----- Data to examine

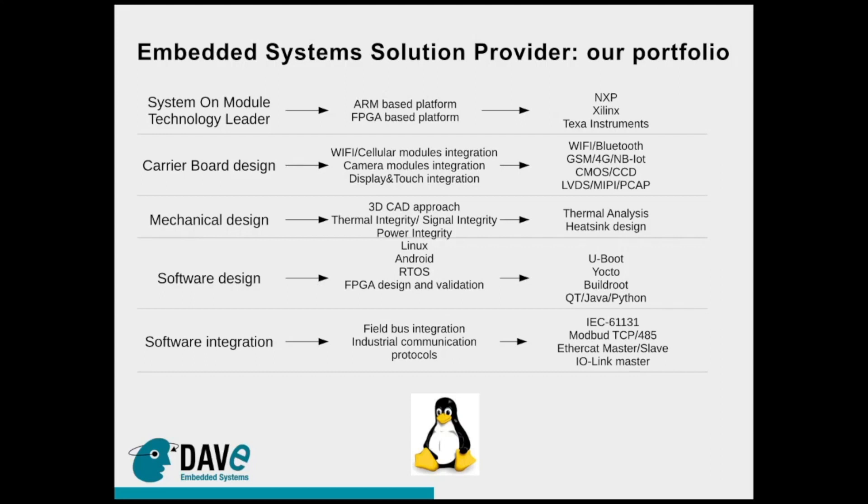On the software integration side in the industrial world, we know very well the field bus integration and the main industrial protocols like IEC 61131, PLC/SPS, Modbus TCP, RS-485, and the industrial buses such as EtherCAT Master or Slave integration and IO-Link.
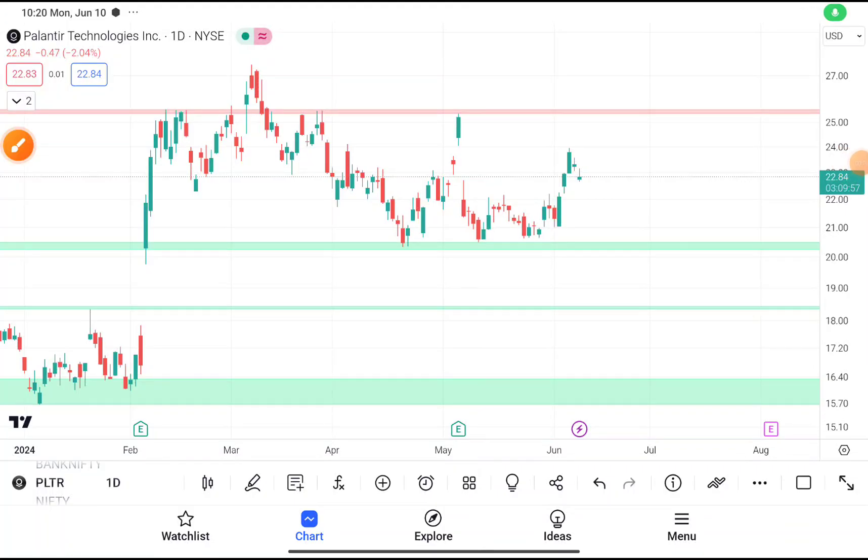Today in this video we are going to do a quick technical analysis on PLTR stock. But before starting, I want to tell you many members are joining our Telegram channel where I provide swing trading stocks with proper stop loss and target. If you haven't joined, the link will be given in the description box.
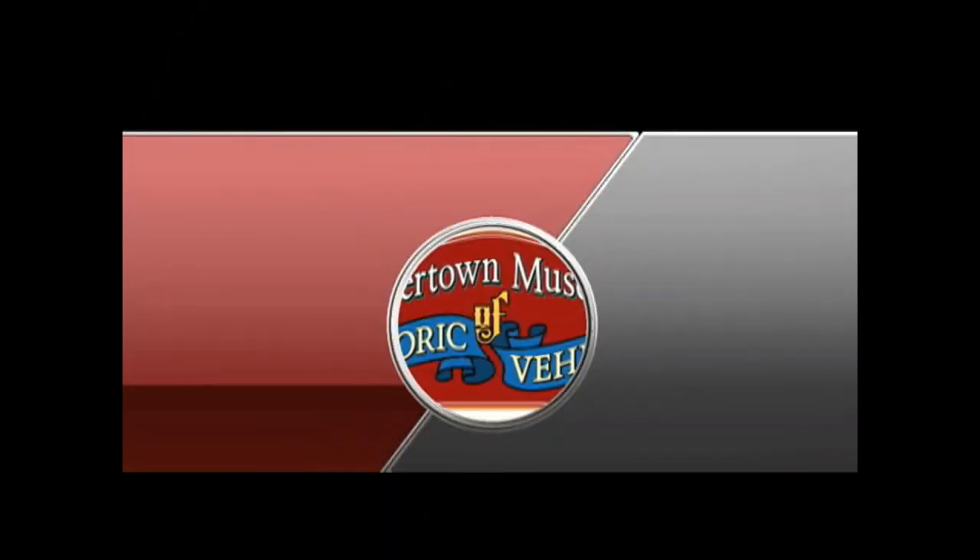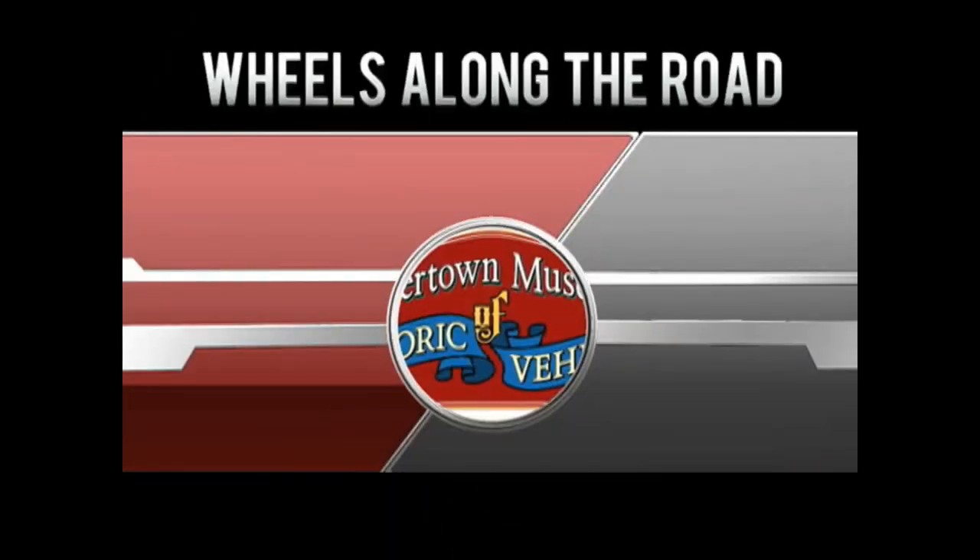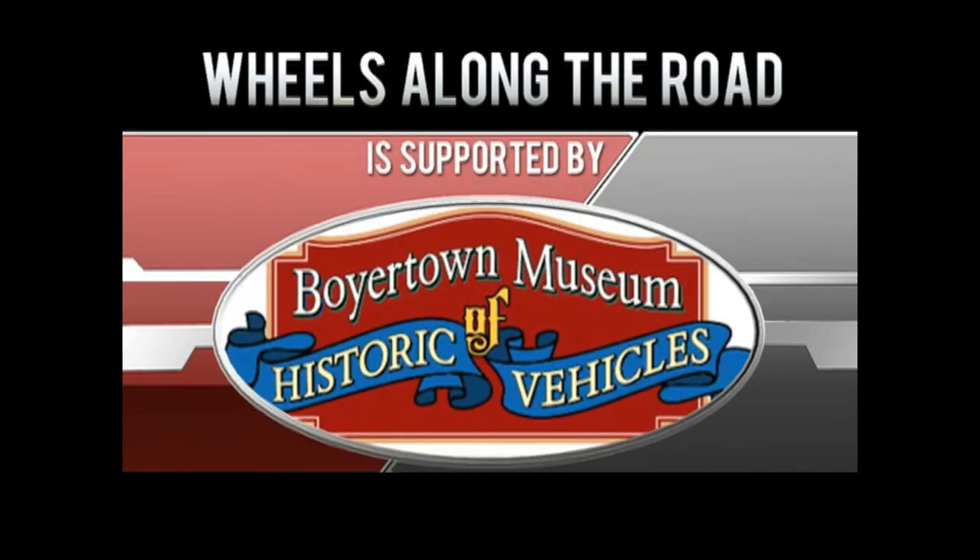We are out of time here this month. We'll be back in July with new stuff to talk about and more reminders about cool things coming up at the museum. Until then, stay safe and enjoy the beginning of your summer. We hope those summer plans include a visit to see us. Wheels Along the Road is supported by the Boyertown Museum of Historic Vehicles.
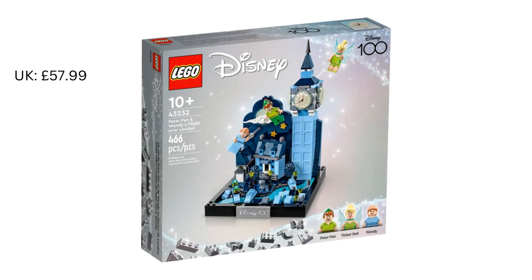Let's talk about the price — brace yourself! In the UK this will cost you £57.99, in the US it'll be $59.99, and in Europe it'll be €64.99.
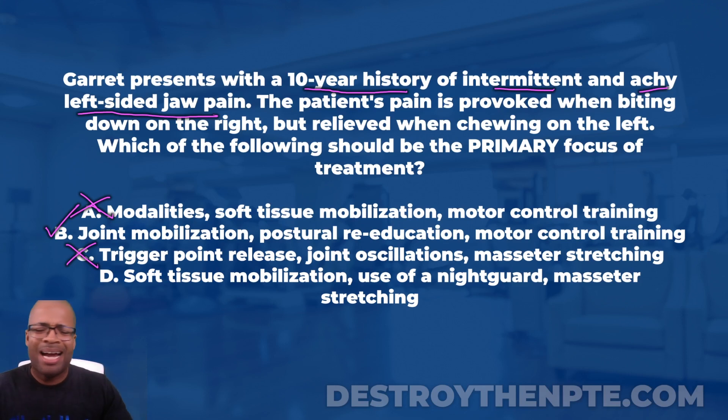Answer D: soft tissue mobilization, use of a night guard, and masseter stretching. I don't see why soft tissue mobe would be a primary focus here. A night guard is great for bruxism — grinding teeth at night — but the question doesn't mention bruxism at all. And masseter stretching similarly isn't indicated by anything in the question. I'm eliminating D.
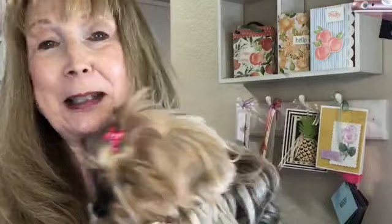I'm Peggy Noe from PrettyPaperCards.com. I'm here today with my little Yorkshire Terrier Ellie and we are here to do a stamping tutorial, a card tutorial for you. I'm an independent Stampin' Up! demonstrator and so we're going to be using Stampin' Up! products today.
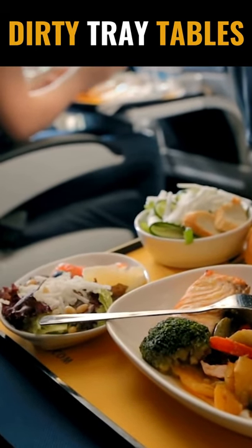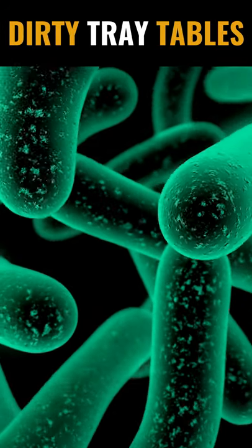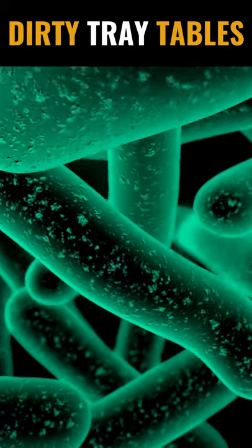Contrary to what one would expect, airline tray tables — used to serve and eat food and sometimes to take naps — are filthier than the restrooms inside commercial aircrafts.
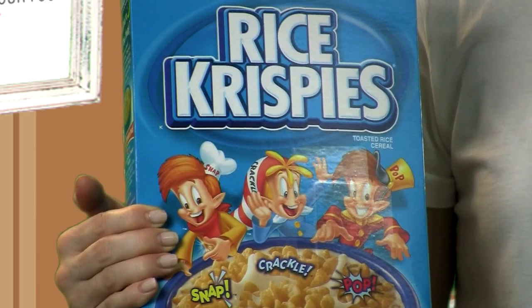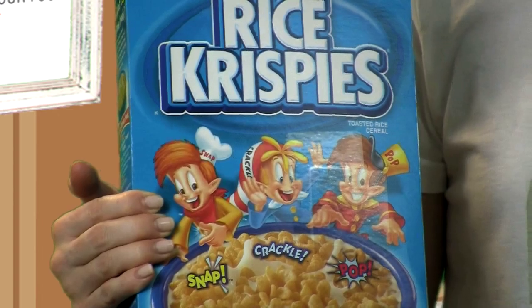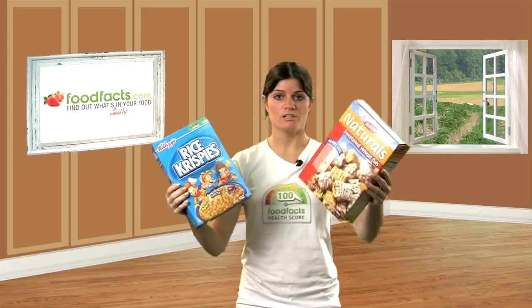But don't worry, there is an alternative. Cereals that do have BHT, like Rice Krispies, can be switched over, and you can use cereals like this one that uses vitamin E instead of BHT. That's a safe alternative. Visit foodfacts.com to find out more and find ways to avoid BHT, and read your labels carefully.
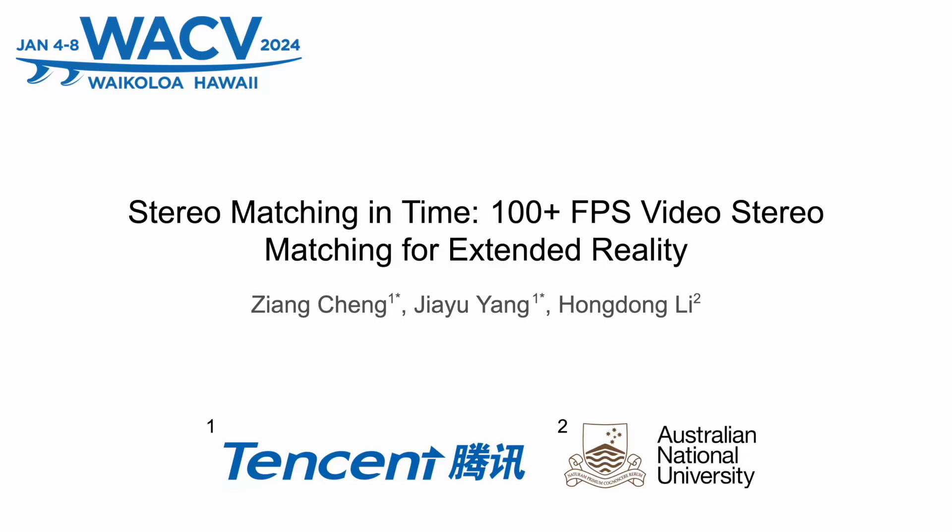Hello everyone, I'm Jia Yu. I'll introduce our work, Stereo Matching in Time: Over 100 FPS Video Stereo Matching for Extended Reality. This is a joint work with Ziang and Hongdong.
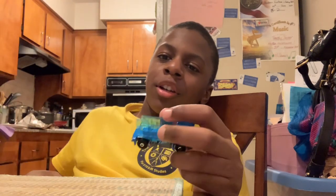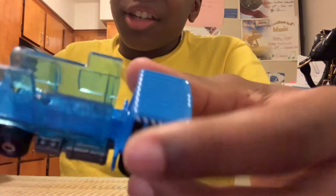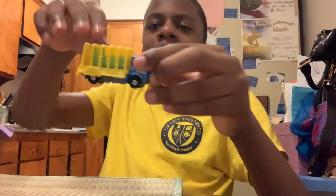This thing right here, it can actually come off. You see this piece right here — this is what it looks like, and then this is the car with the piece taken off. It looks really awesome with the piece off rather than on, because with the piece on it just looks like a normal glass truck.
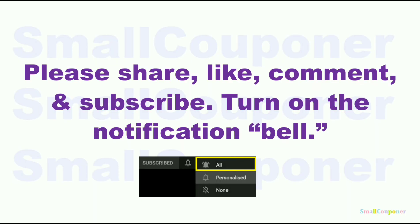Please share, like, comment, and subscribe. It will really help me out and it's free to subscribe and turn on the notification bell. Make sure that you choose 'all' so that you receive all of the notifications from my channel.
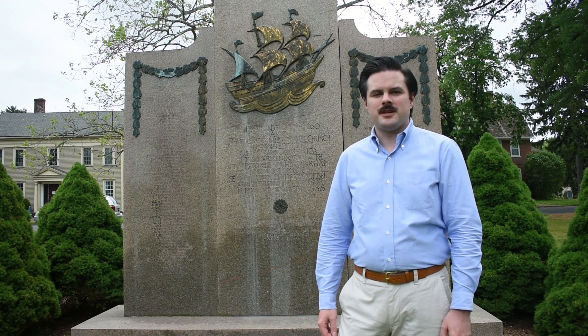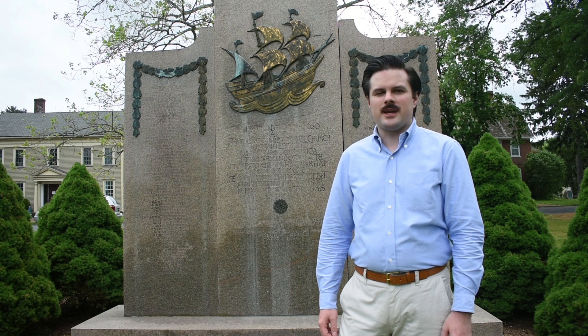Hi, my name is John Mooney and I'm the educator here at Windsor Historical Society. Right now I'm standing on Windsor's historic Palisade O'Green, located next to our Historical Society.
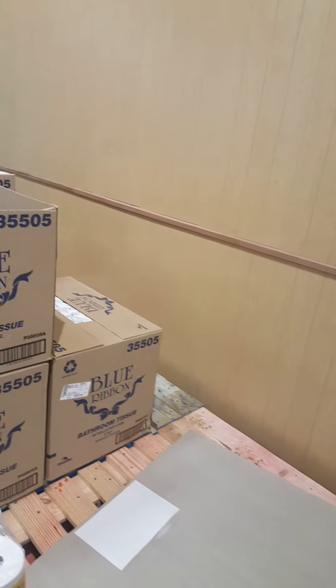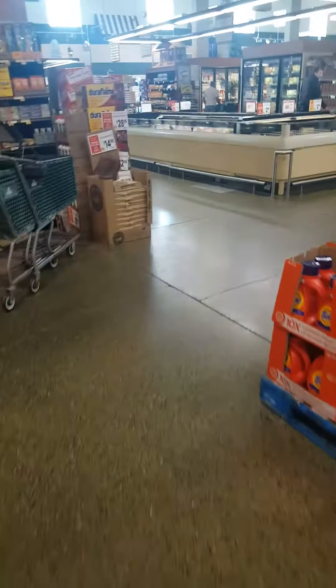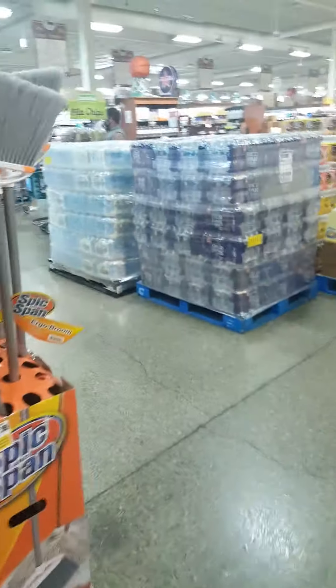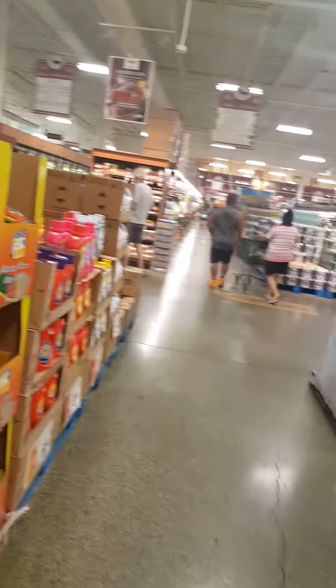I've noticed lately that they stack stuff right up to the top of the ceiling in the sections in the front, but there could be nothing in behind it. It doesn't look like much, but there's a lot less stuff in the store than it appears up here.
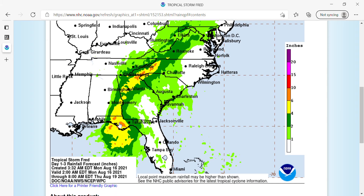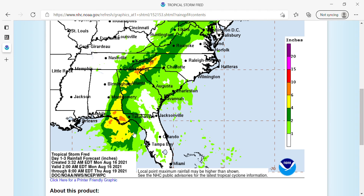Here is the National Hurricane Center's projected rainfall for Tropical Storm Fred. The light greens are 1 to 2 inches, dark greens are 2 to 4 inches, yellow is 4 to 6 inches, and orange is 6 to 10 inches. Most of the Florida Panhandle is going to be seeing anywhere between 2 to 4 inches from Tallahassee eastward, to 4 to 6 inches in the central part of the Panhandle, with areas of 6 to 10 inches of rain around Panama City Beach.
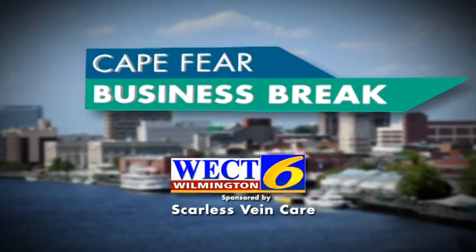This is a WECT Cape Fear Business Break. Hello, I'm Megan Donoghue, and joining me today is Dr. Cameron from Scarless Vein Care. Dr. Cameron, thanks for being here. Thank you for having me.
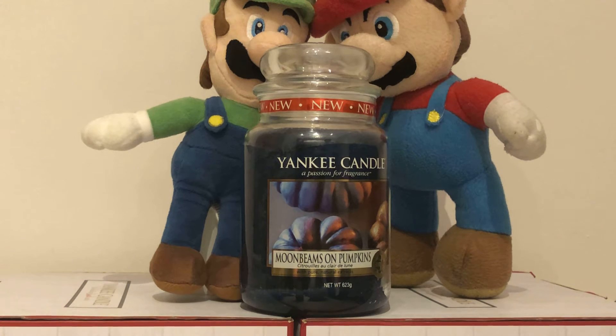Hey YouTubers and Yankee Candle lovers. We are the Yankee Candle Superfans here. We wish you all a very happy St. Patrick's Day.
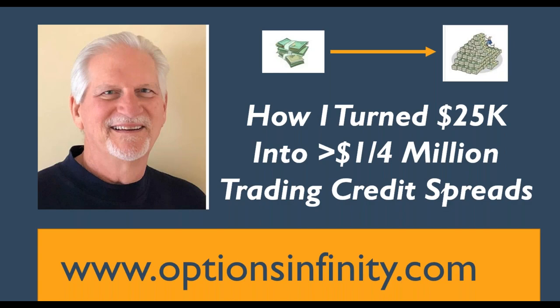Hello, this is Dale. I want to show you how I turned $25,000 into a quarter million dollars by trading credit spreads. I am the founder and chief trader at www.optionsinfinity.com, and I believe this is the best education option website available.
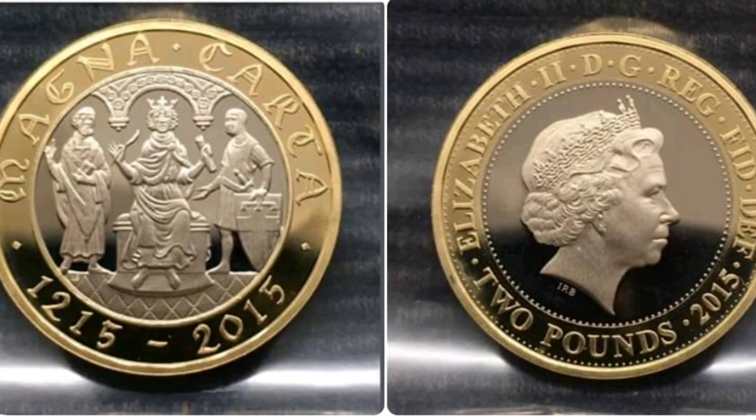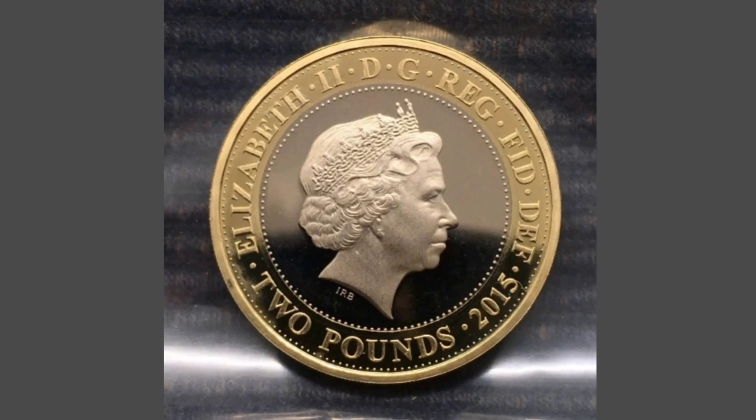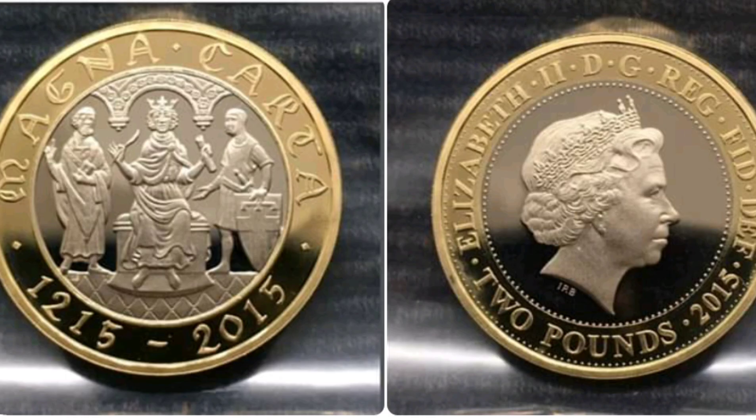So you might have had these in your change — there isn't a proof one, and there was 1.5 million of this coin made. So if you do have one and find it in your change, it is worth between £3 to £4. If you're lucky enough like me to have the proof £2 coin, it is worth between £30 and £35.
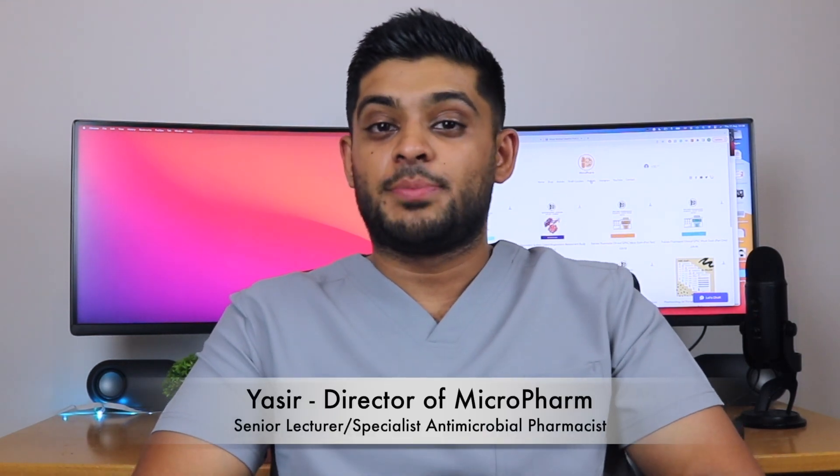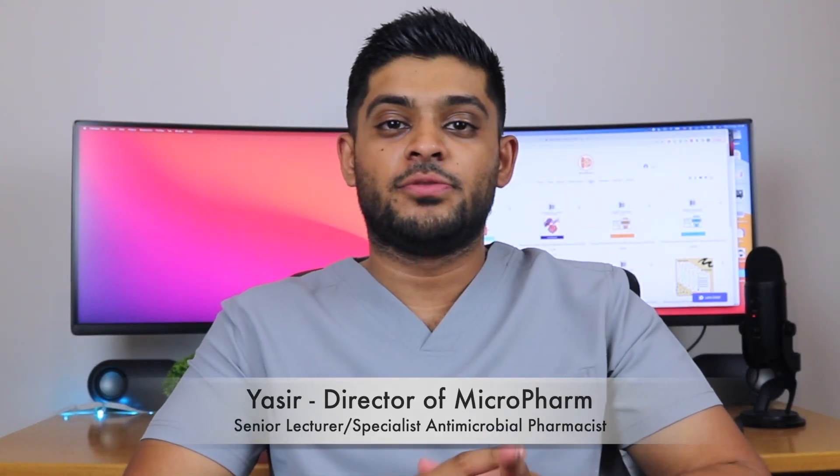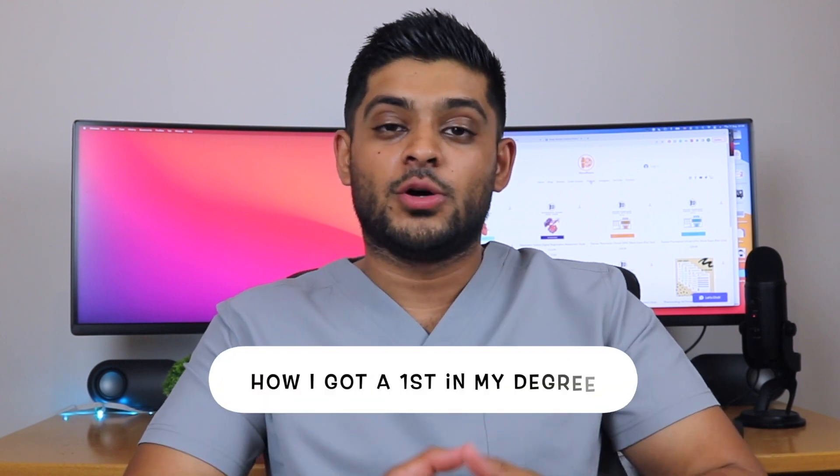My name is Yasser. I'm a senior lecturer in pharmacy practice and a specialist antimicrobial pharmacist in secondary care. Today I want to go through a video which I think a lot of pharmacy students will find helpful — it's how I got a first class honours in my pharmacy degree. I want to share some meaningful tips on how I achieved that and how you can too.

----------

**Task directions**.
Give back, exactly and without pictures, the stretch of the records above from the line containing "Hello, this is" through the line containing "So you might", with both end lines included.

**Answer**.
Hello, this is Dale. I want to show you how I turned $25,000 into a quarter million dollars by trading credit spreads. I am the founder and chief trader at www.optionsinfinity.com, and I believe this is the best education option website available.
So you might have had these in your change — there isn't a proof one, and there was 1.5 million of this coin made. So if you do have one and find it in your change, it is worth between £3 to £4. If you're lucky enough like me to have the proof £2 coin, it is worth between £30 and £35.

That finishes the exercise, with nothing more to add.